■ **What you are asked to do**
Copy only those lines which run from the line containing "1130 S Flower St #416 — Photo 1" to the end of the entries below, both inclusive, exactly as written and with no pictures.

↓↓↓

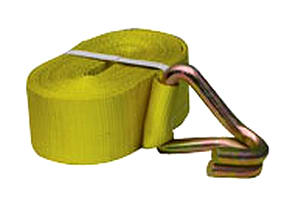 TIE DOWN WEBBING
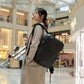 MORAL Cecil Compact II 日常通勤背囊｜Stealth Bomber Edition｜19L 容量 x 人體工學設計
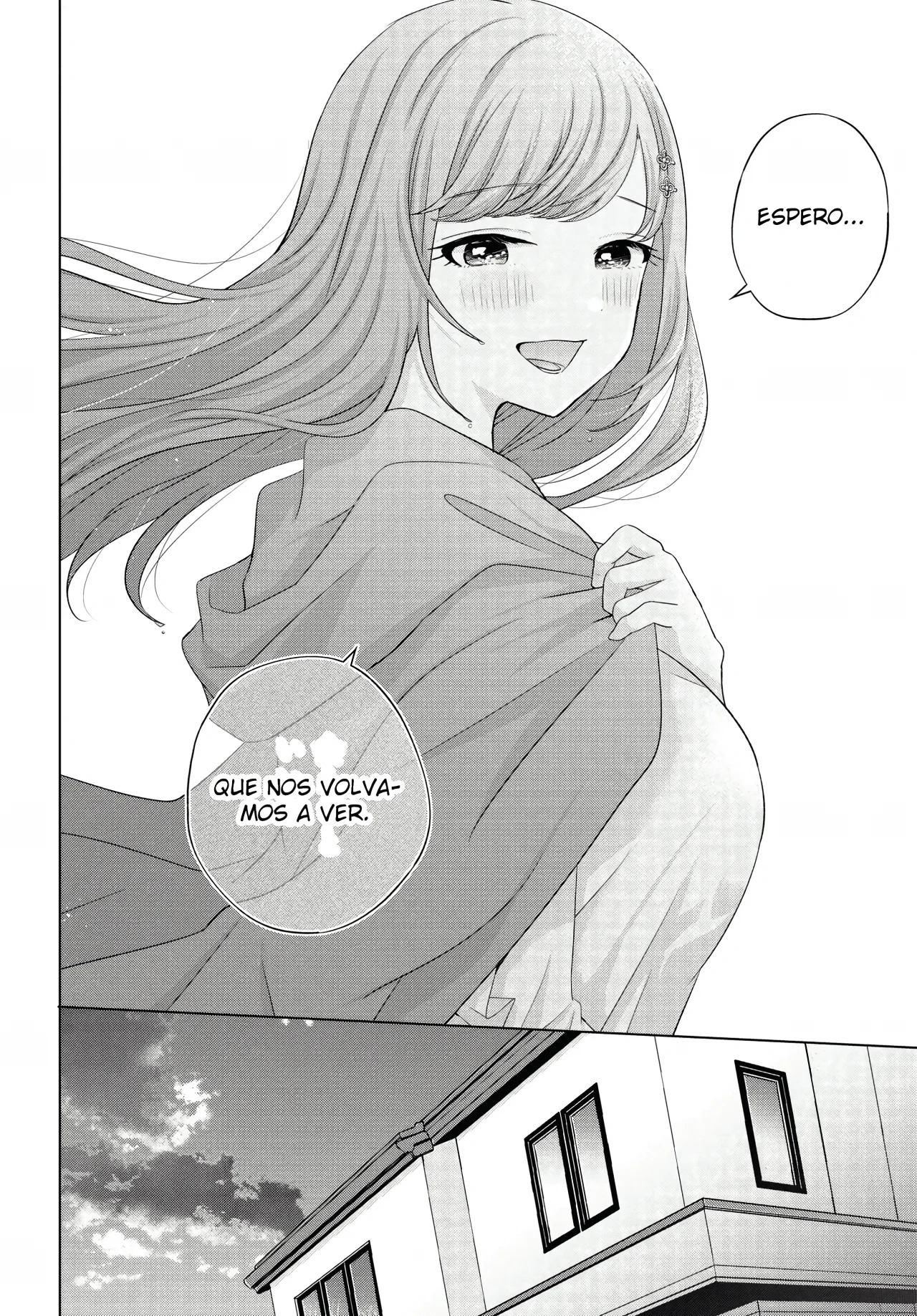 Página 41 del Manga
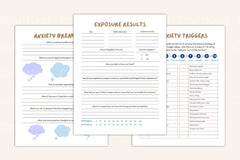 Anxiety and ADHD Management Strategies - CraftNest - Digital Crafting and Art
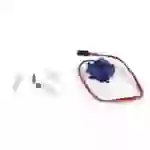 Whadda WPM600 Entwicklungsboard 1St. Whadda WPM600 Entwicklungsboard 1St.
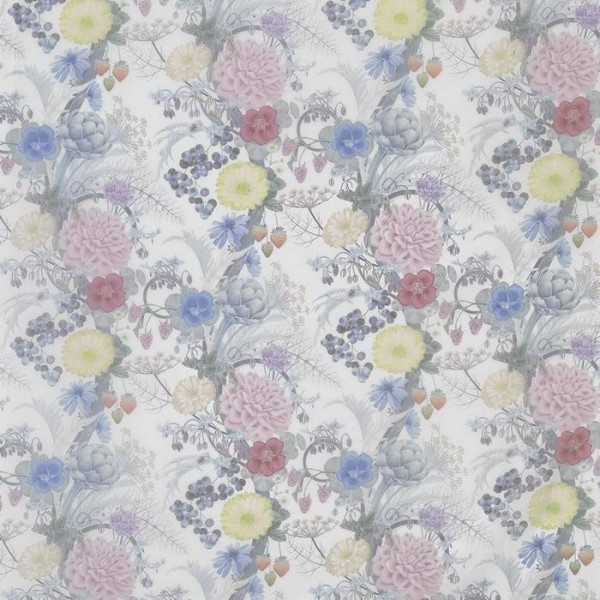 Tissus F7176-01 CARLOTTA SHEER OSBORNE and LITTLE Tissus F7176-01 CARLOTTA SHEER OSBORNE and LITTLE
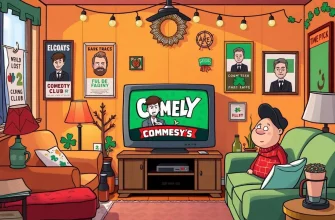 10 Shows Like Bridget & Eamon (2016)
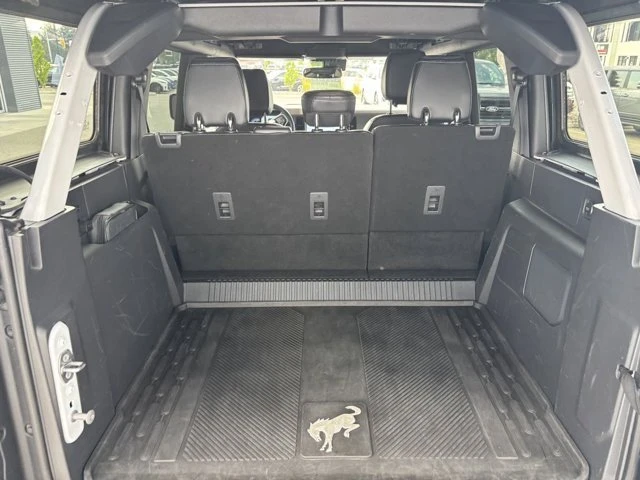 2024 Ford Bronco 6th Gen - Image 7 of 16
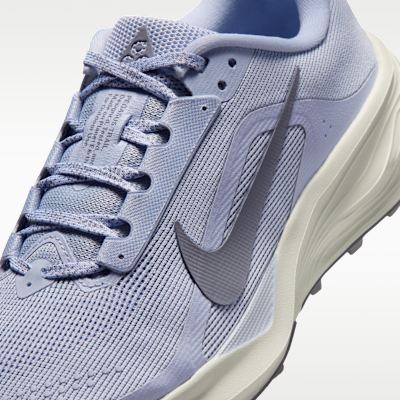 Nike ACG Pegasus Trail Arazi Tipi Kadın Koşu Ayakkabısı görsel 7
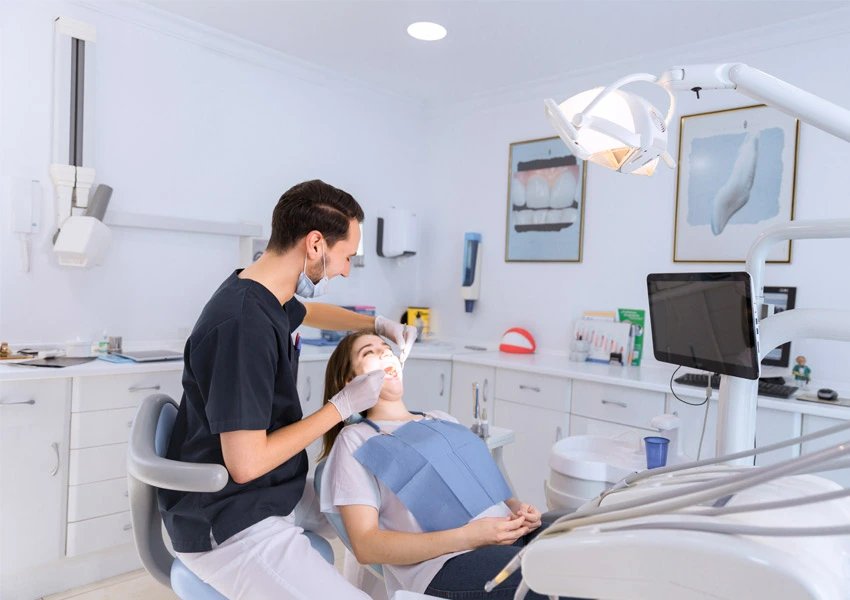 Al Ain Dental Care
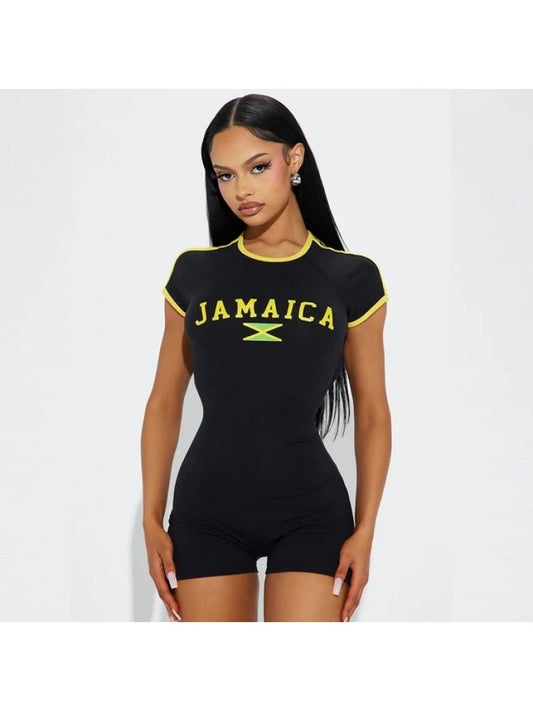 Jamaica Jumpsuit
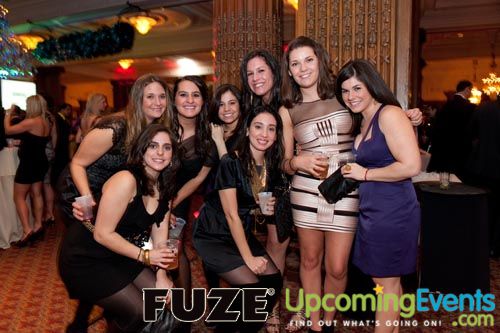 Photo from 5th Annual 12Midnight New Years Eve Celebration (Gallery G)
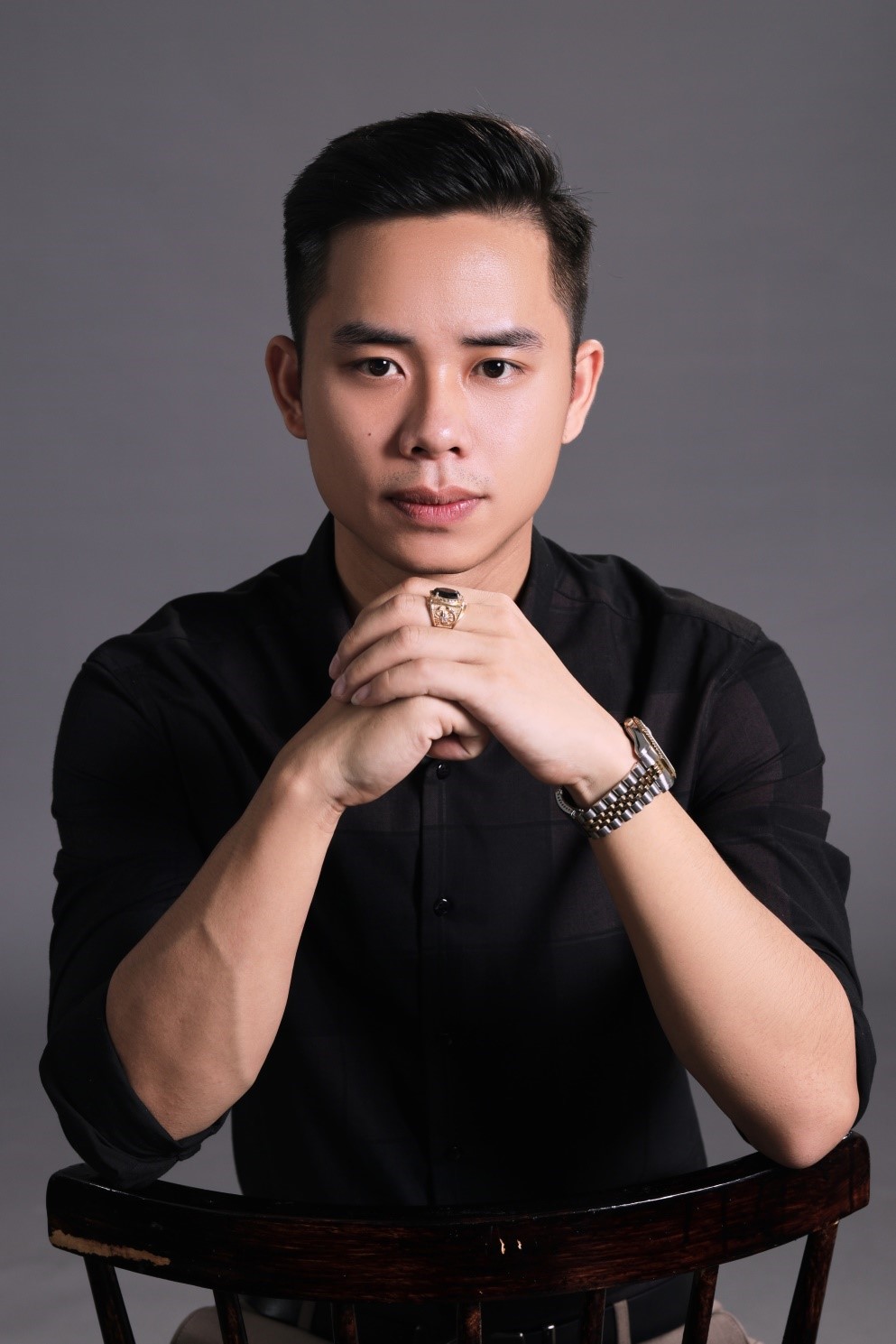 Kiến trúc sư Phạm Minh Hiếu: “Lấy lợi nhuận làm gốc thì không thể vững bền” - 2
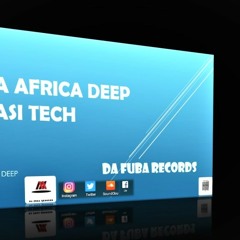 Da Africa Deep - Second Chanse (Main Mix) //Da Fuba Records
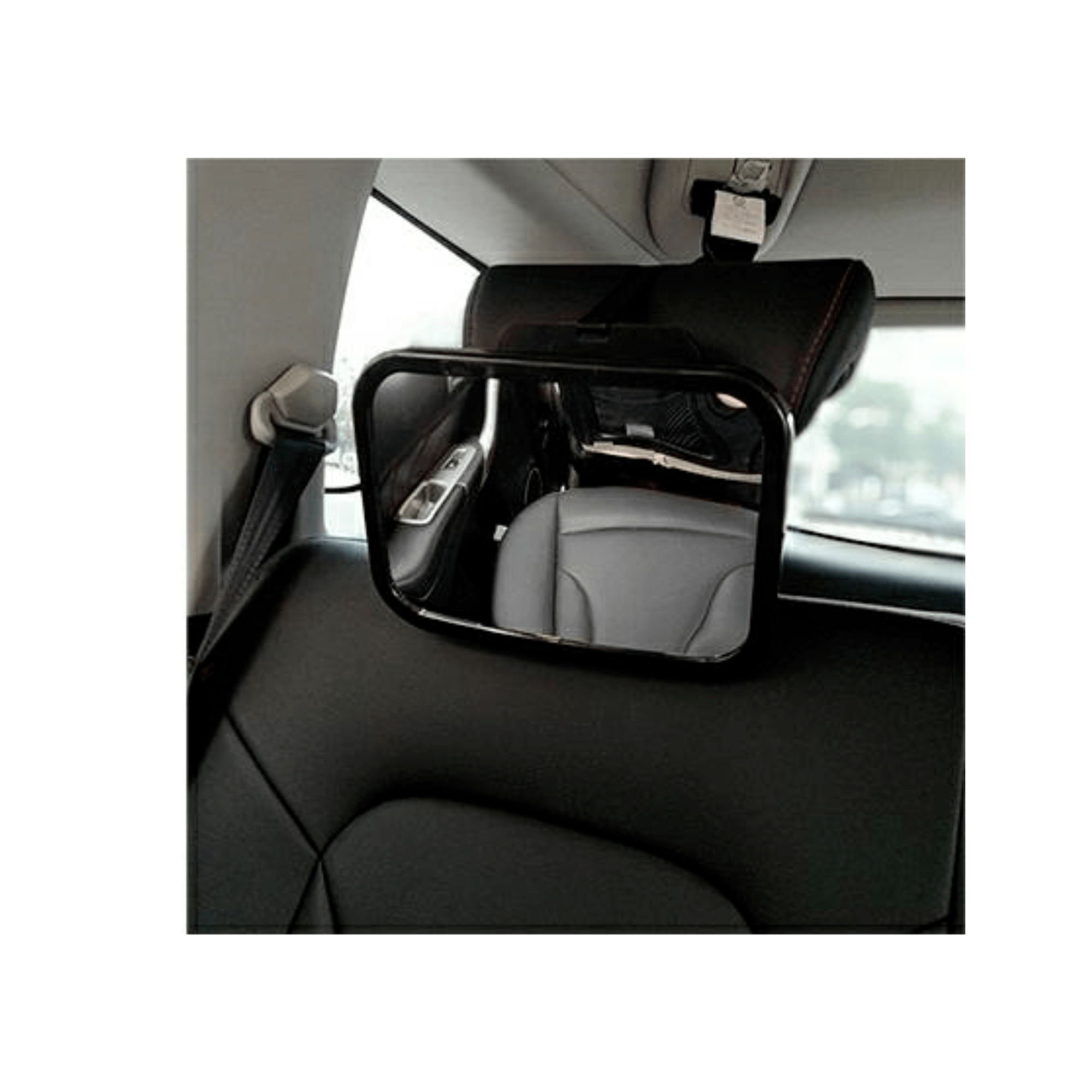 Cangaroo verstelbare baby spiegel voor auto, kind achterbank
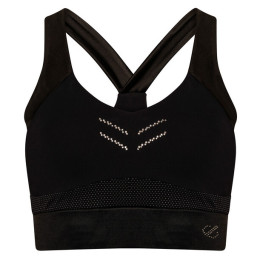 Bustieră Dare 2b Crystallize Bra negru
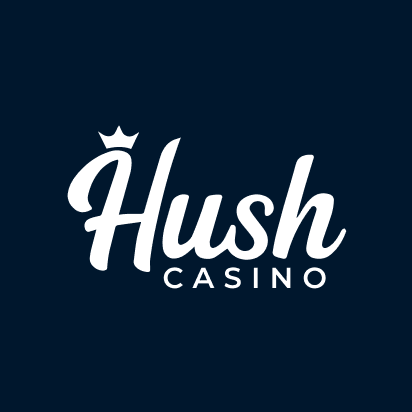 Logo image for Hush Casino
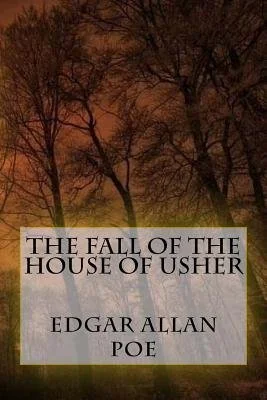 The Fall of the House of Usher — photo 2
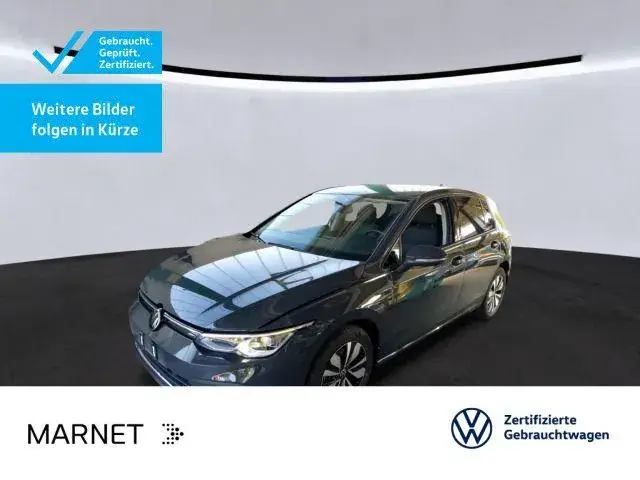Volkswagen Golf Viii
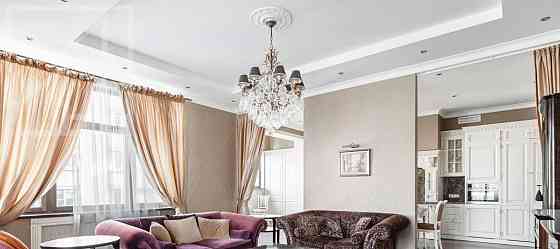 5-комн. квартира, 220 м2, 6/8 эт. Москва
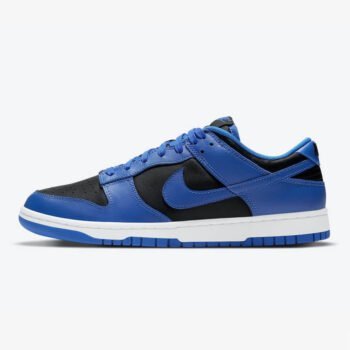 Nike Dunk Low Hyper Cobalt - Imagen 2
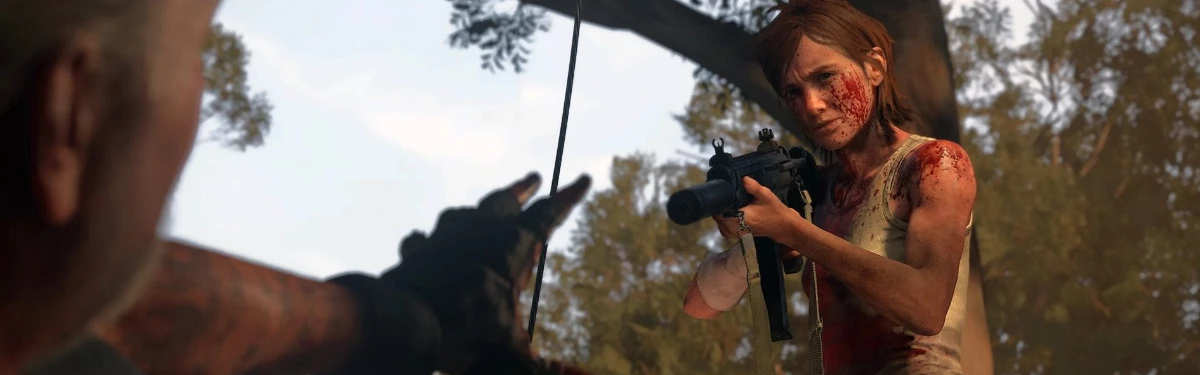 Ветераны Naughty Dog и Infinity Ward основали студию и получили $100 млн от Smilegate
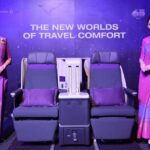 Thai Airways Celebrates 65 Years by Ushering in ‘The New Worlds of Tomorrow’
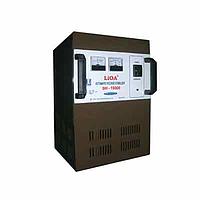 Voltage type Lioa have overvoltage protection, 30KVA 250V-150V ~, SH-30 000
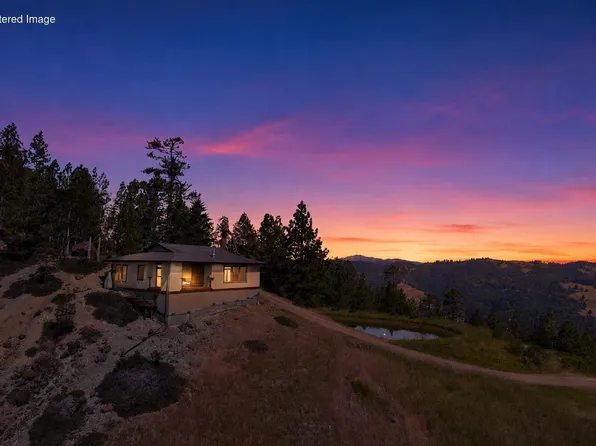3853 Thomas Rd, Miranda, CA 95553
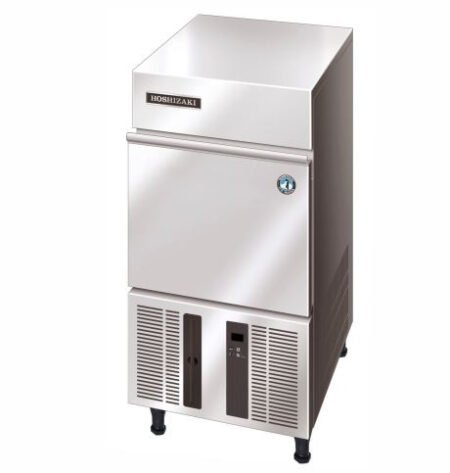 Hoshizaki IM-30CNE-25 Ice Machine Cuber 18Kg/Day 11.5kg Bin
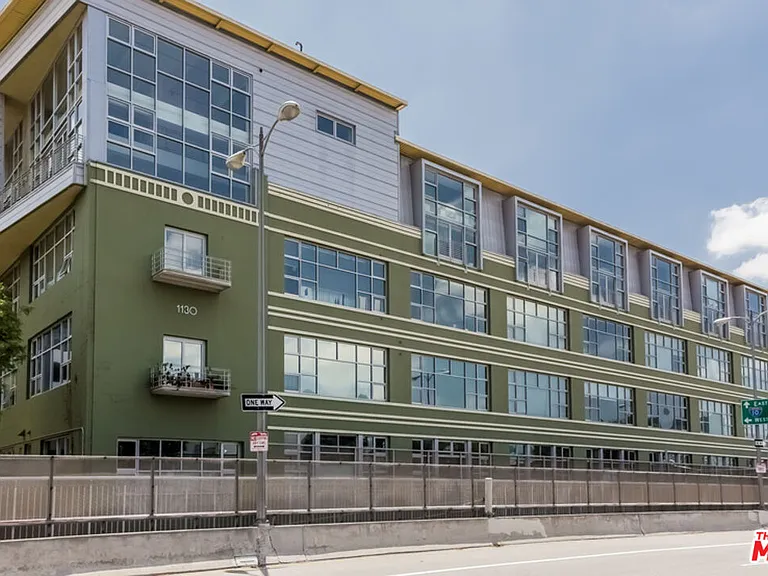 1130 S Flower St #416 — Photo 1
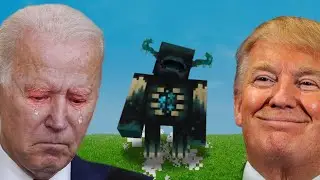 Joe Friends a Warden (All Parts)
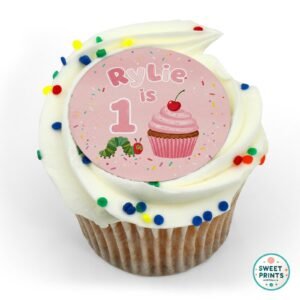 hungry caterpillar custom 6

↑↑↑

■ **Exercise response**
 1130 S Flower St #416 — Photo 1
 Joe Friends a Warden (All Parts)
 hungry caterpillar custom 6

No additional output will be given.